Part-owner Rick Auiler sets me straight, explaining that they're not a chain. Auiler and partner, Scott Brockington, may have learned the ropes with the Quinn family (owners of the Irish Embassy and PJ O'Briens) but this is their first venture after breaking off on their own.
They also contend that the hoopla surrounding The Real Jerk was in many ways due to the overzealous new landlord who had been shopping the site around. Auiler had even pulled out of the deal entirely before the landlord sweetened the pot, kicking in some free rent for all the inconvenience and delays. Auiler tells me Ed Pottinger (owner of The Real Jerk) even came in opening day and said that there is no residual ill will.
All that said, I had low expectations going in. With no shortage of Irish pubs in Toronto, I was skeptical as to whether this new place could offer even a fraction of the unique character of its predecessor. On a recent weekday afternoon, I was in the neighbourhood anyway and thought I'd see what they'd done to the place.
It looks good inside. The formerly dingy veneer has been replaced with the requisite Irish themed paraphernalia and emerald green colour scheme. The high ceilings and second floor loft area make for a rather cavernous pub.
I had assumed the menu would be a generic affair but my interest was piqued by chips and curry ($6) and the Celtic Egg ($9). The chips, house-cut and fried to order, are accompanied by a little pot of creamy, rich yellow curry for dipping.
The egg, which is wrapped in sausage and bread crumbs before frying, is the more impressive of the two. It somehow achieves a barely set centre that remains liquid enough to sauce itself, a feat I've seen even high-end kitchens struggle with.
The Bo Burger ($12) from chef Tim Pettigrew (formerly of Grindhouse Burger Bar), is good too. Composed of Ontario beef that's ground in house, they'll serve it on the rare side if requested. Topped up with Guinness honey mustard and all the fixings, it's a pub grub staple that's well executed.
On tap, there are 20 beers that decidedly stay away from big corporate breweries and instead opt for craft and Irish offerings.
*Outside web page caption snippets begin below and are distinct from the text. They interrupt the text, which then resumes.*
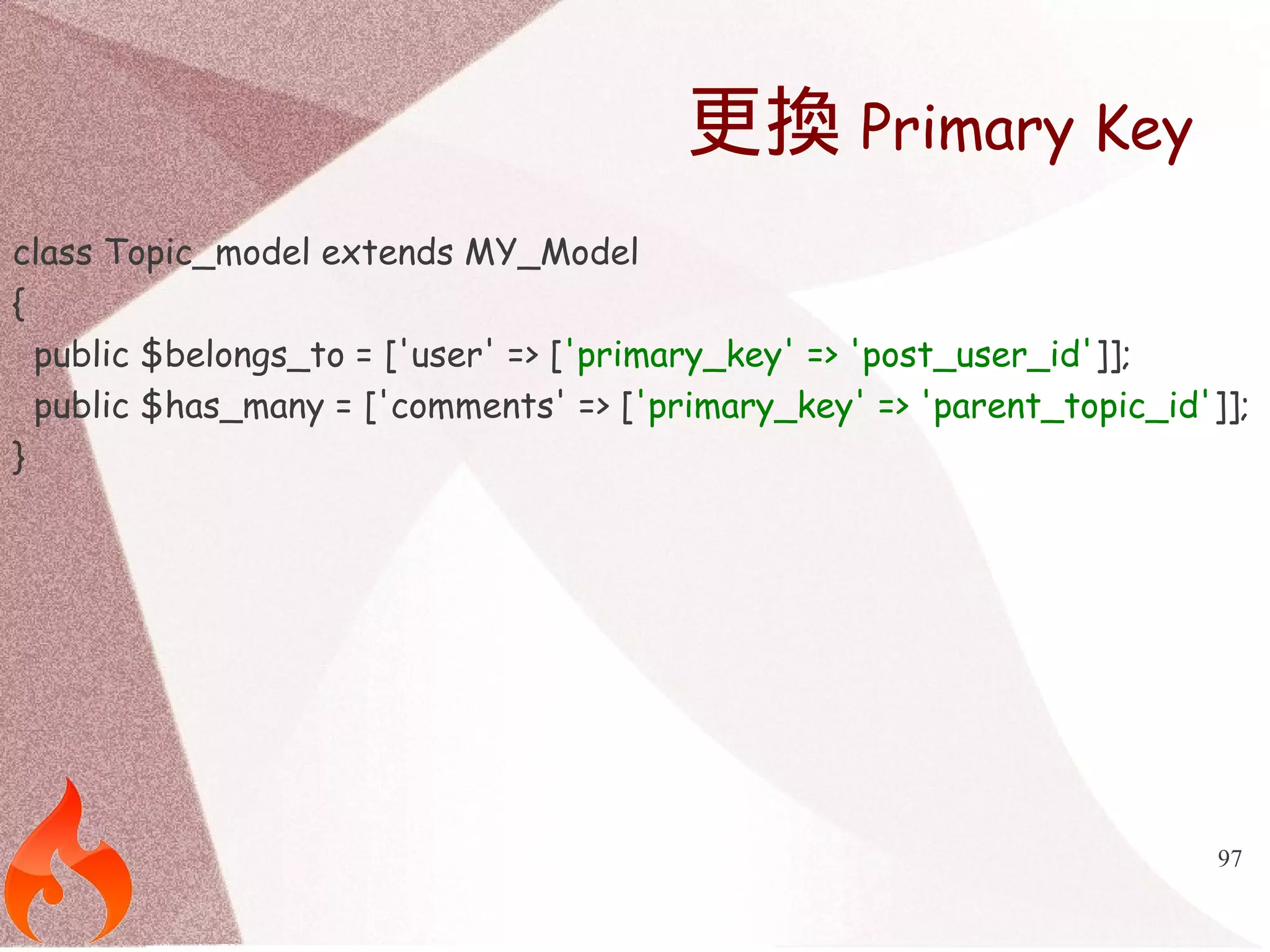 97 
更換Primary Key 
class Topic_model extends MY_Model 
{ 
public $belongs_to = ['user' => ['primary_key' => 'post_user_id']]; 
public $has_many = ['comments' => ['primary_key' => 'parent_topic_id']]; 
}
While the selection is still somewhat predictable, there's at least one tap reserved for guests (on my visit it features Kensington Brewing Co.'s Watermelon Wheat beer) and they occasionally dabble in casks.
Dubbed the House of Ceol (old Irish for music), the pub hosts Celtic rock or folk bands four or five nights a week including an Irish trad session sounds featuring five to 20 players on Sunday afternoons. St. Paddy's Day is unsurprisingly a big deal and Aulier tells me their inaugural celebration this past Spring saw the bar reach capacity by noon and spill over into a tent out back.
All in all, it was a satisfying way to lose an afternoon made better by unexpectedly accomplished food. Locals can look forward to weekend brunch featuring traditional Irish fry-ups and there are plans to add a Sunday night roast dinner.
The pub is open daily from 11am until last call.